Integration: are the Axioms Enough?

Integration Axioms

An integral on $\RR$ is a choice of set of functions $\mathcal{I}(J)$ for each closed interval $J$ together with a real valued map $\int_J\colon\mathcal{I}(J)\to\RR$ satisfying the following axioms:

• If $k\in\RR$ then $f(x)=k$ is an element of $\mathcal{I}([a,b])$ for any interval $[a,b]$ and $\int_{[a,b]}k = k(b-a).$

• If $f,g\in \mathcal{I}([a,b])$ and $f(x)\leq g(x)$ for all $x\in[a,b]$ then $\int_{[a,b]}f\leq\int_{[a,b]}g$

• If $[a,b]$ is an interval and $c\in[a,b]$, then $f\in\mathcal{I}([a,b])$ if and only if $f\in\mathcal{I}([a,c])$ and $f\in\mathcal{I}([c,b])$. Furthermore, in this case their values are related by $\int_{[a,b]}f = \int_{[a,c]}f +\int_{[c,b]}f$

All integrals agree when continuous

Let $f$ be a continuous function, and $\int^1,\int^2$ be two integrals for which $f$ is integrable on $[a,b]$. Then $\int_{[a,b]}^1f = \int_{[a,b]}^2 f$

The fundamental theorem of calculus is provable directly from the axioms for continuous functions: if $\int$ is some integral and $f$ is a continuous function that it can integrate on $[a,b]$, then $F(x)=\int_{[a,x]}f$ is differentiable and $F^\prime(x)=f(x)$ (In a previous note, on 2024-05-02).

If $\int^1$ and $\int^2$ are two different integrals for which $f$ is integrable, set $F_1=\int^1_{[a,x]}f$ and $F_2(x)=\int^2_{[a,x]}f$. By the Fundamental theorem, we see $F_1^\prime=F_2^\prime=f$, and so by a corollary to the Mean Value Theorem, since $F_1$ and $F_2$ have the same derivative they differ by a constant.
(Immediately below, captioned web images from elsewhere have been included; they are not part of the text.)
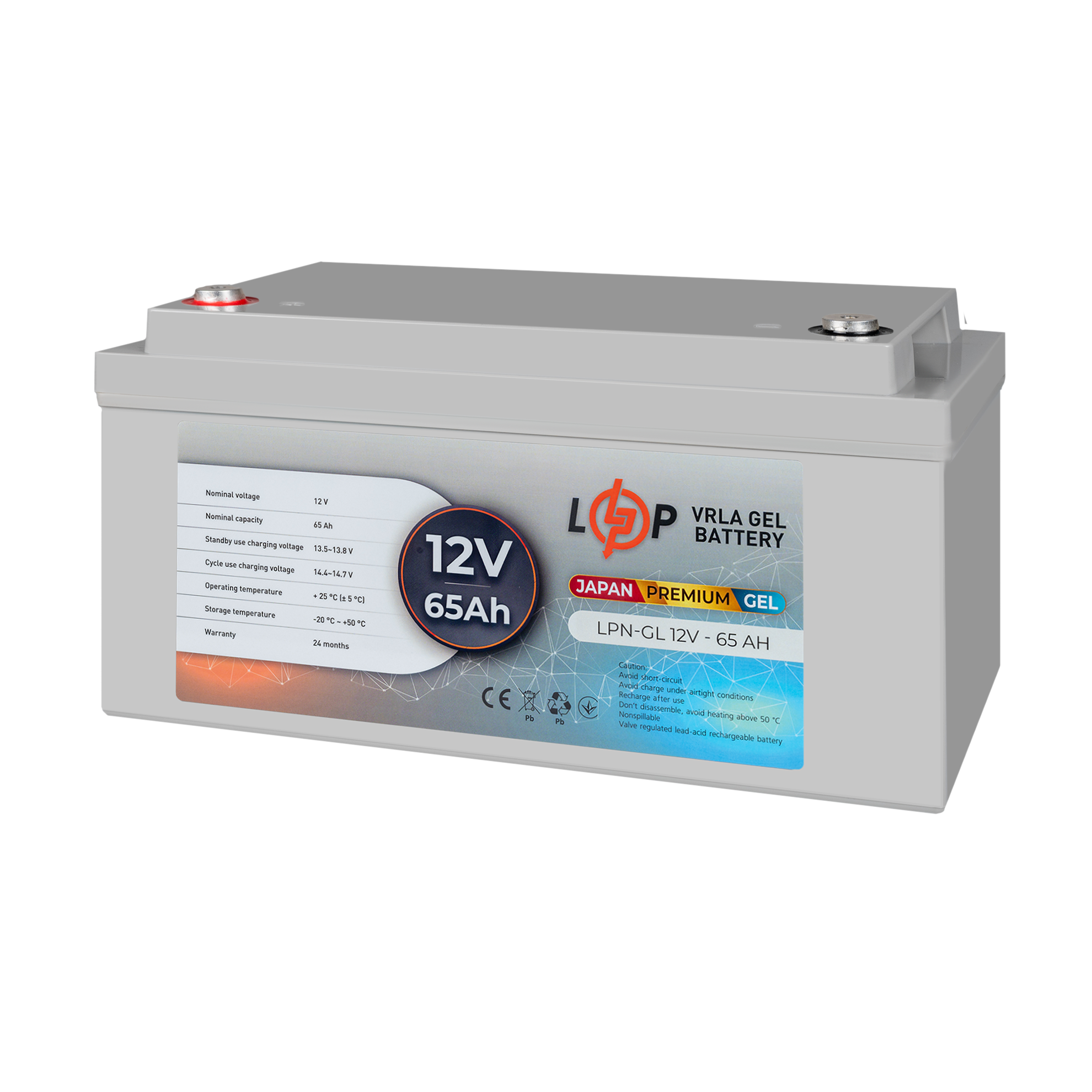 ����������� ������� LPN-GL 12V - 65 Ah 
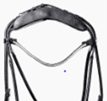 Bridles with anatomical/padded headpiece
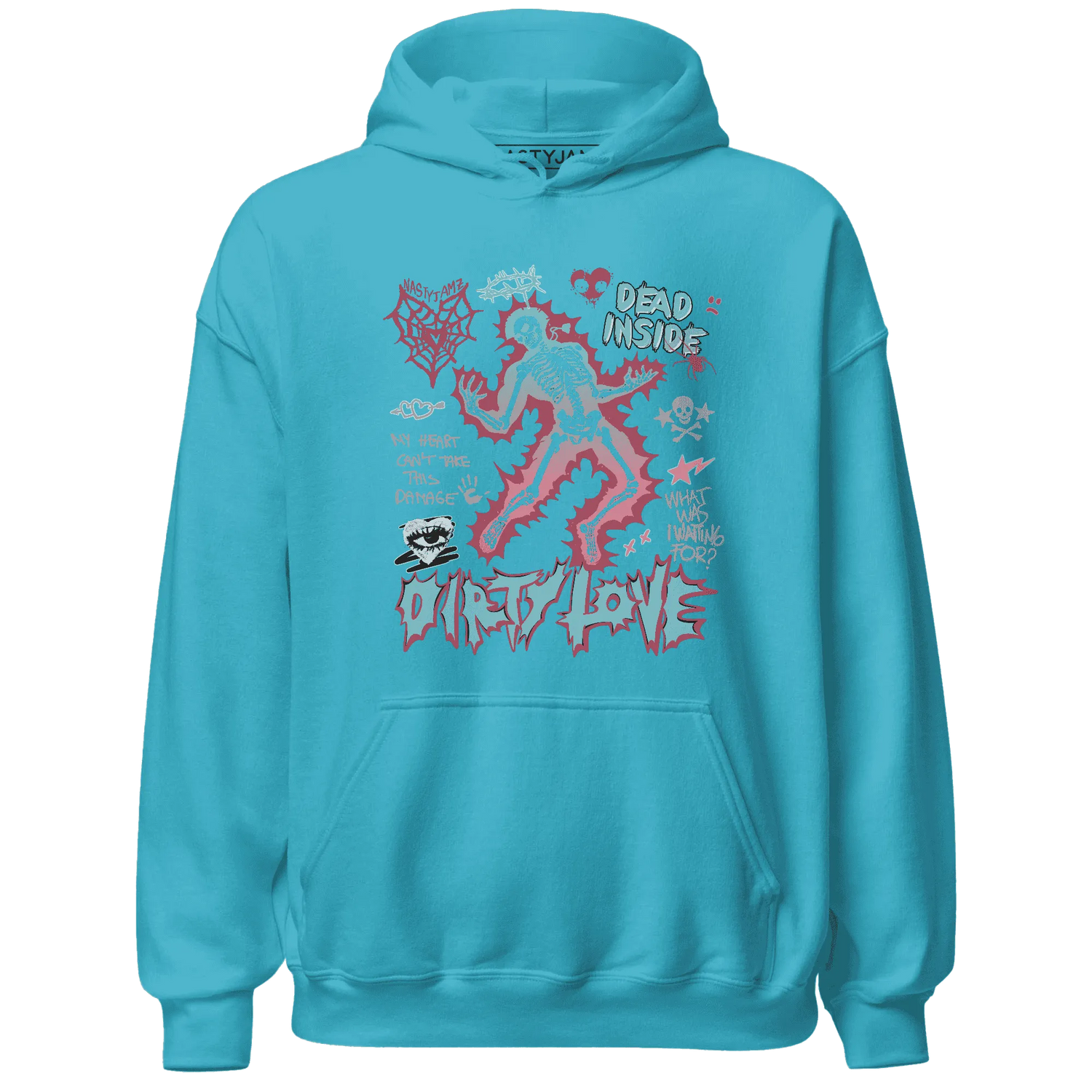 VaporMax-Plus-South-Beach-NastyJamz-Hoodie-Match-Dirty-Love-Skull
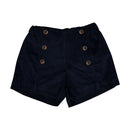 Short Sevres - Velours Navy - Bleu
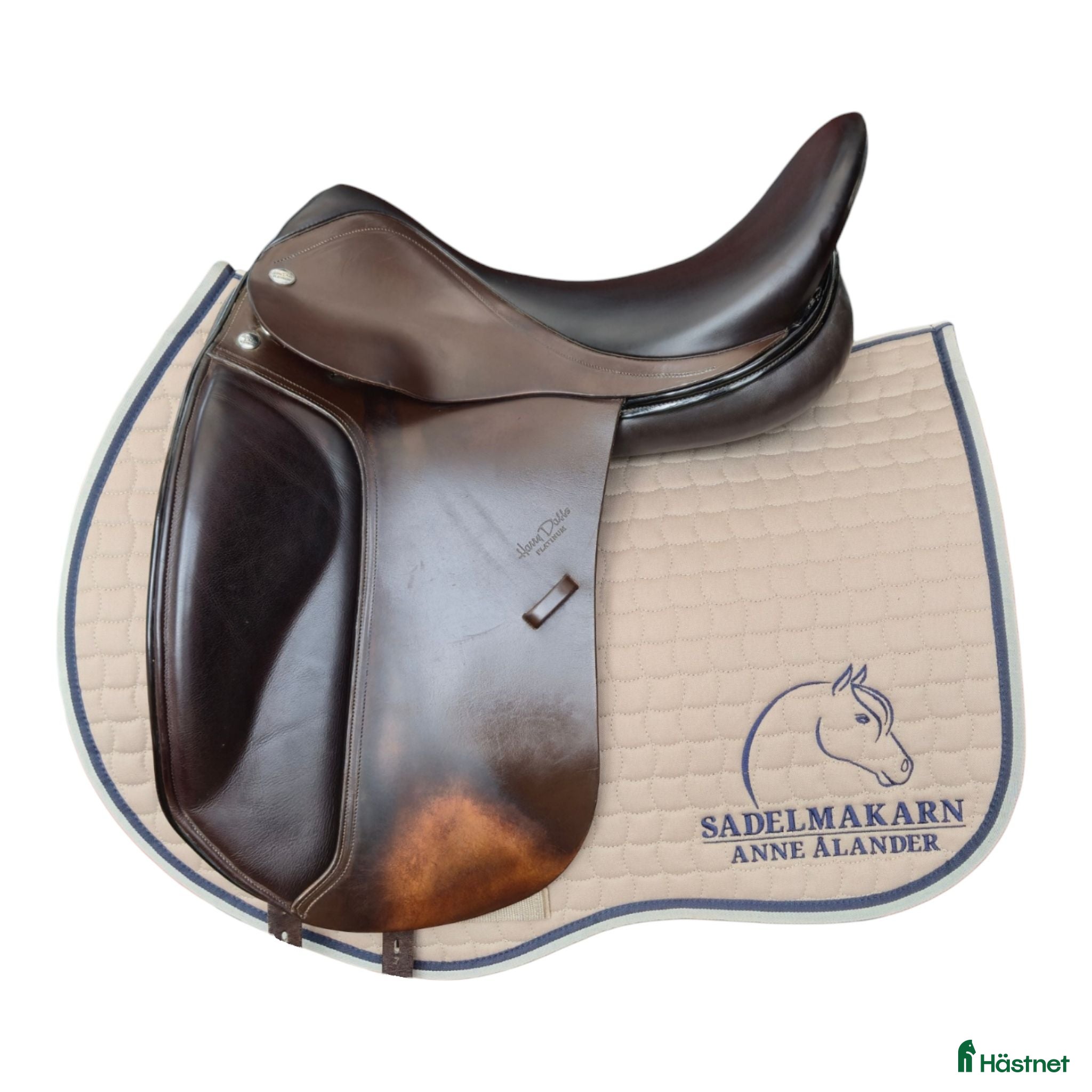 Sadlar hästutrustning Harry Dabbs Platinum 17,5" - Annons 1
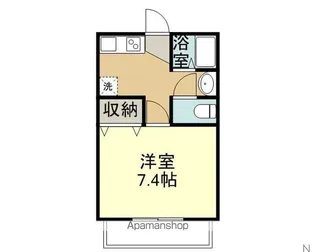ウェールK【3階】の間取り
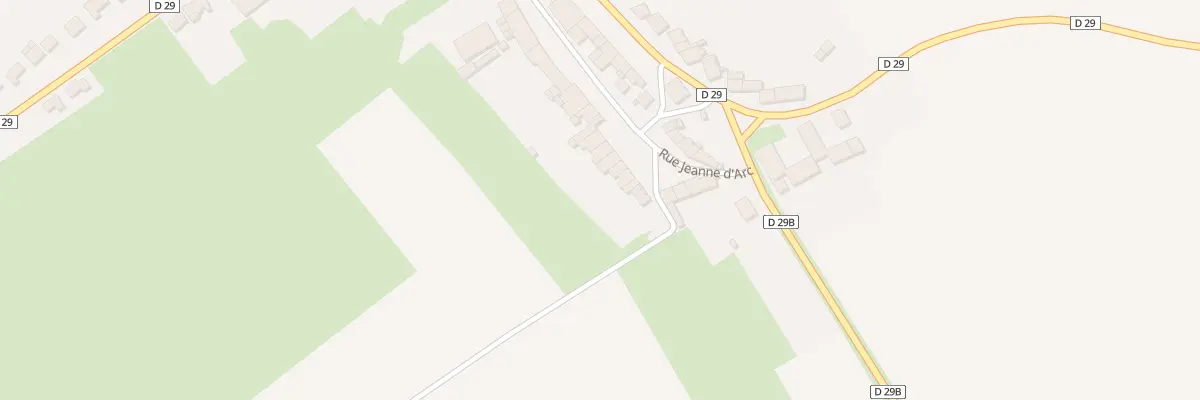Plan du 17 Rue Jeanne d’Arc à Allondrelle-la-Malmaison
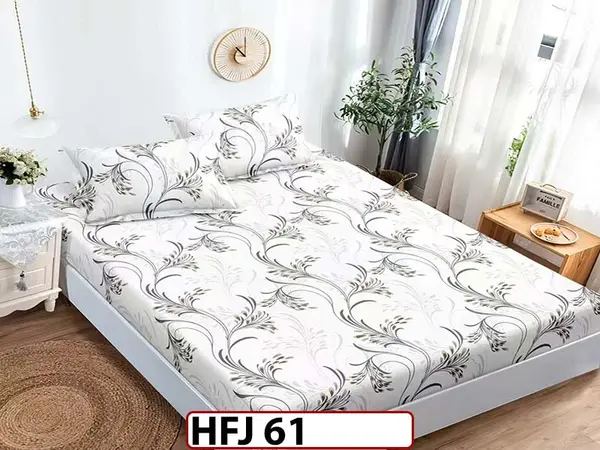 Husa de Pat din Finet + 2 Fete de Perne - Saltea 180x200 - Pat 2 Persoane - HFJ61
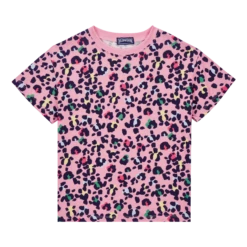 Vilebrequin Girls T-Shirt Turtles Leopard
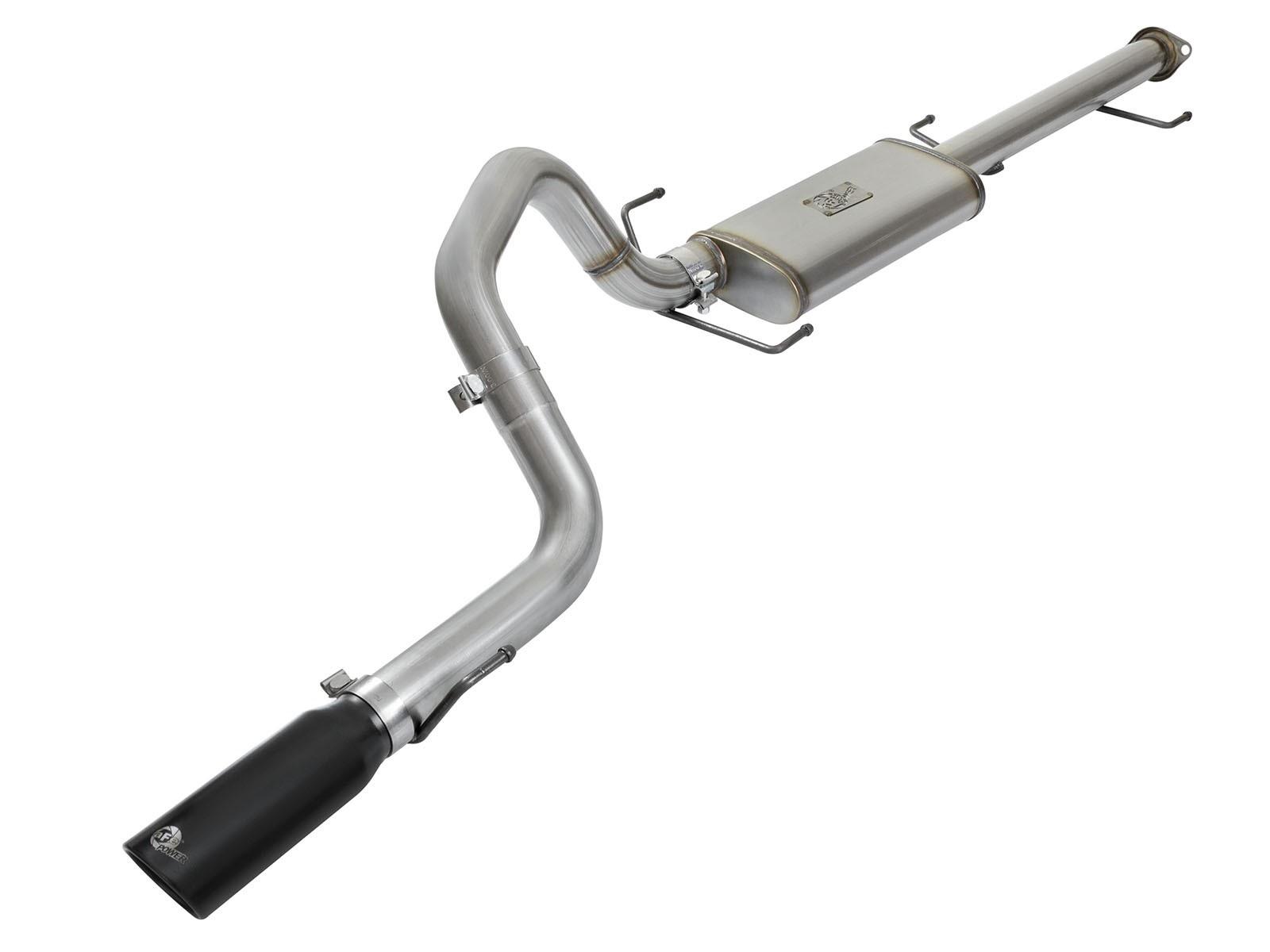 AFE MACH Force-Xp 3 IN 409 Stainless Cat-Back Exhaust System w/ Black Tip (2007-2014 FJ Cruiser) - 49-46028-B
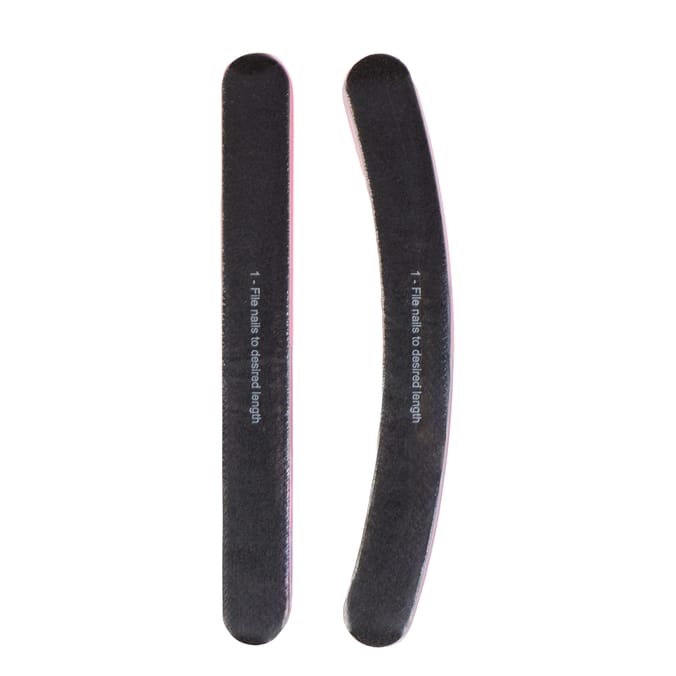 Professional Nail File Set – Straight & Curved Emery Boards for Nail Shaping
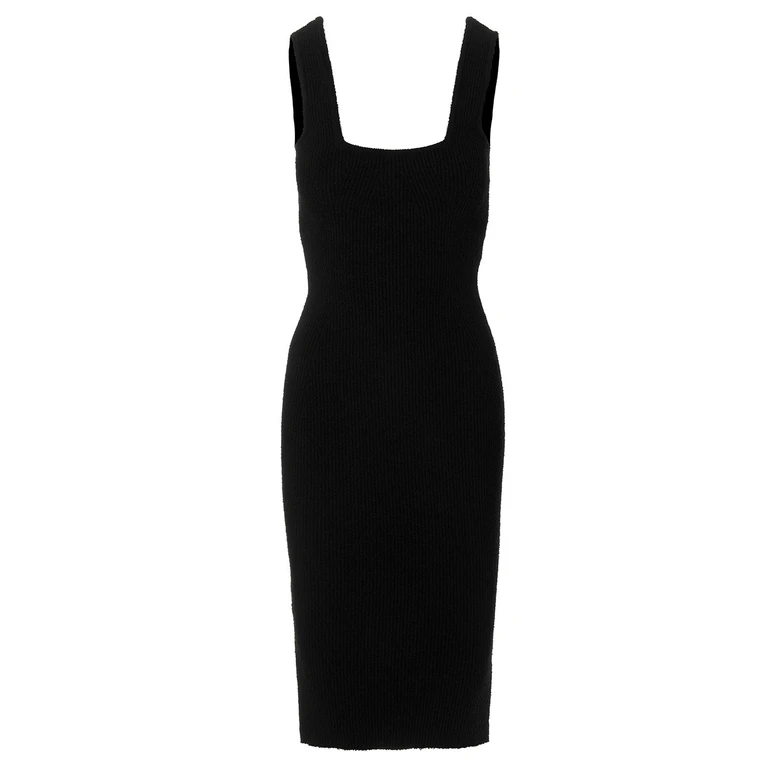 Wardrobe. Nyc Black Cotton Midi Dress - Women
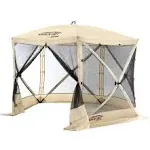 Clam Quick-Set Venture 9 x 9 ft Portable Outdoor Camping Canopy Shelter, Tan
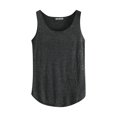 thumbnail image 1 of Vedolay Womens Summer Tank Tops Womens Cap Sleeve Blouses T-Shirt Casual Loose Fit Basic Shirts Tank Tops,Dark Gray One Size, 1 of 3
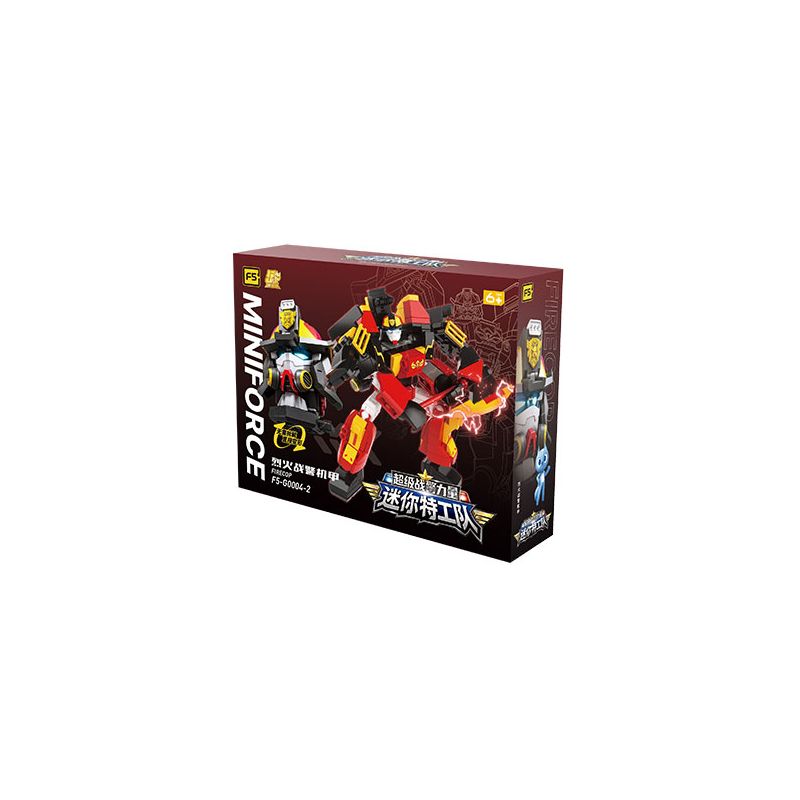 F5 G0004-2 0004-2 ĐỘI ĐẠI LÝ MINI SUPER MEN POWER FIRE WEIKI bộ đồ chơi xếp lắp ráp ghép mô hình Movie & Game FIRECOP Phim Và Trò Chơi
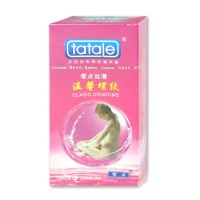 tatale零点丝薄 温馨螺纹 天然胶乳橡胶避孕套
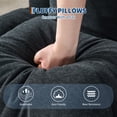 thumbnail image 3 of Grand Canapé-Lit de Repos Réglable à 5 Positions – Fauteuil de Sol pour Chien Humain avec 2 Oreillers Doux, Fauteuil Inclinable Pliable Confortable en Chenille Type Tatami en Forme de Pouf – Salon, Chambre, Lecture, 3 of 8
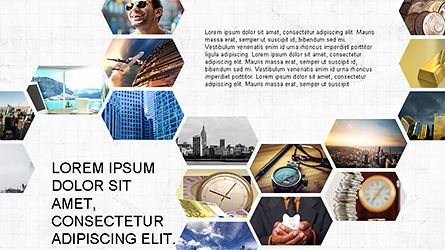 Plantilla de presentación hexagonal, Diapositiva 6, 04170, Modelos de negocios — PoweredTemplate.com
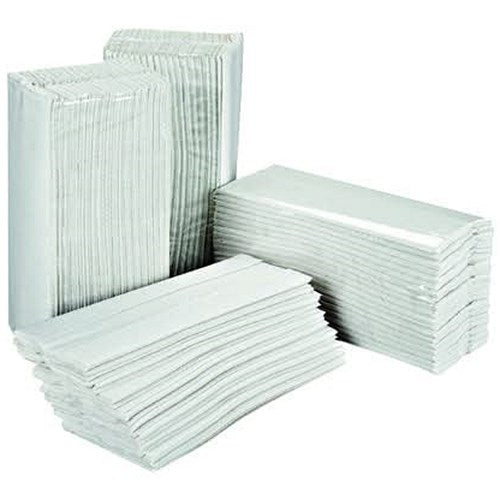 2Work 2-Ply Flushable C-Fold Hand Towel, White, Pack of 2430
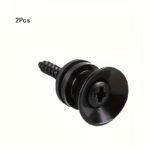 2Pcs Guitar Accessories Folk Guitar Buckle, Electric Guitar Bass Strap Nail, Strap Button, Strap Tail Nail - Image 3
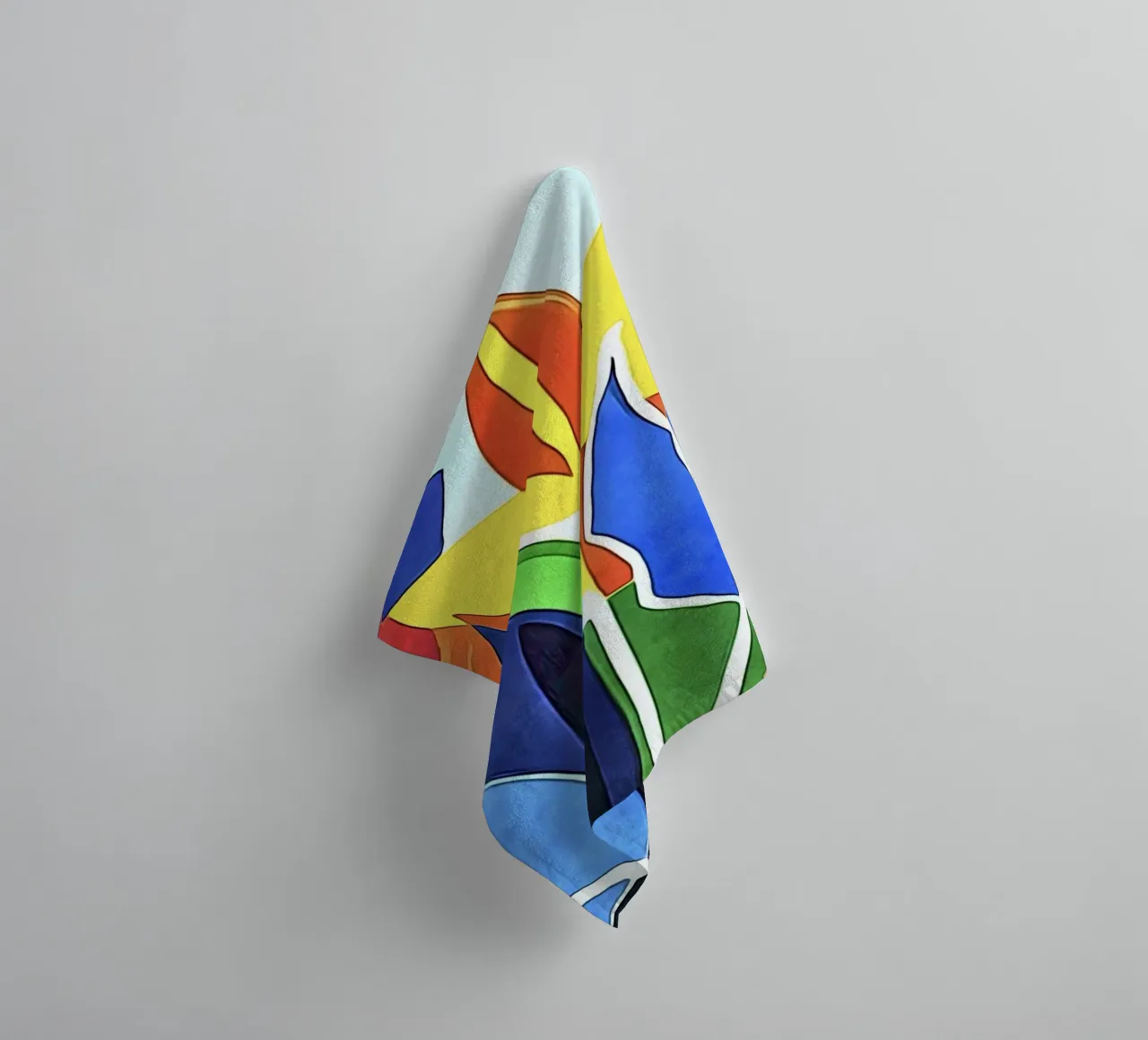 Feuilles multicolores, motif #2 serviette de bain de ZAMART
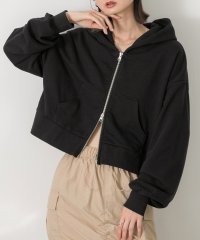 ad thie/アドティエ ad thie 【2024AW新作】ダブルジップ ショートフーディー/507641118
To compute this constant, we need only find $F_2(x)-F_1(x)$ at some point. But since integrals over a singleton are always zero (proven from the axioms in the same note as the Fundamental Theorem), we see

$F_1(a)=\int_{\{a\}}^1 f =0\hspace{1cm}F_2(a)=\int_{\{a\}}^2 f =0$

Thus $F_2(a)-F_1(a)=0$ and so $F_2(x)=F_1(x)$ for all $x$. Evaluating at $x=b$ yields the result:

$\int_{[a,b]}^1 f=\int_{[a,b]}^2 f$

All integrals agree when discontinuities are measure-zero

Let $f$ be bounded and have a measure-zero set of discontinuities. Then if $\int^1,\int^2$ are any two integrals for which $f$ is integrable on $[a,b]$, $\int_{[a,b]}^1f = \int_{[a,b]}^2 f$

Riemann Integrability Criterion

A bounded function $f$ is Riemann Integrable on $[a,b]$ if and only if the set of discontinuities of $f$ is measure zero.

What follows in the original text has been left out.